La face cachée des Jeux paralympiques


Benoît Rioux
Dans un monde en ayant cruellement besoin, les Jeux paralympiques, qui s’ouvrent officiellement vendredi à Pékin, symbolisent l’acceptation de la différence, l’inclusion et la communion entre pays. Sur le plan strictement sportif, l’événement conserve toutefois un côté plutôt méconnu et injuste.
• À lire aussi: Jeux paralympiques: le Canada ne veut rien savoir des Russes
• À lire aussi: Charles Hamelin rêve à sa dernière course devant «Vivi»
«Il y a des gens dans mon entourage qui me disent : «vas-y, ramène-nous une médaille». Mais honnêtement, ça va prendre un miracle, et même plusieurs miracles, pour que je puisse grimper sur le podium», estime la Québécoise Frédérique Turgeon, qui pratique le ski para-alpin.
N’allez pas croire que Turgeon, 22 ans, n’a pas tout fait pour se présenter à Pékin au sommet de sa forme. Or, le système en place lui laisse bien peu d’espoir. Skiant sur une seule jambe, la jeune athlète originaire de Candiac se retrouve en compétition avec des athlètes qui, en raison d’un handicap différent, ont leurs deux jambes. Il existe bel et bien un système de «factorisation», mais celui-ci n’est pas parfait. À titre d’exemple, à l’épreuve du slalom, le chrono de Turgeon sera rectifié et abaissé de 3 %, mais l’injustice demeure.

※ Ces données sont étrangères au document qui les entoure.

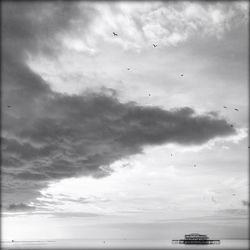 Low angle view of bird flying over sea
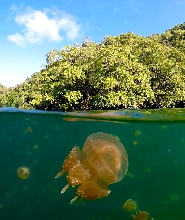 帛琉｜洛克群島浮潛一日遊｜東線-水母湖路線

«Je suis au meilleur de ma forme en ce moment, mais je n’ai pas le choix d’aborder les Jeux avec un désir de m’amuser, dit celle qui en est à ses deuxièmes Jeux paralympiques, après ceux de Pyeongchang, en 2018. C’est sûr que j’aimerais ça un jour, avoir une médaille [paralympique], mais là, je dois simplement profiter de l’expérience et m’assurer de bien la vivre.»
Malgré l’injustice, Turgeon ne veut pas se plaindre outre mesure. Elle souhaite savourer ses Jeux. Cela dit, la Québécoise demeure consciente que la situation doit être dénoncée si on espère, un jour, voir certains changements.
«Il y a une grosse conversation à y avoir, ça prendrait une factorisation qui fait un peu plus de sens», affirme-t-elle.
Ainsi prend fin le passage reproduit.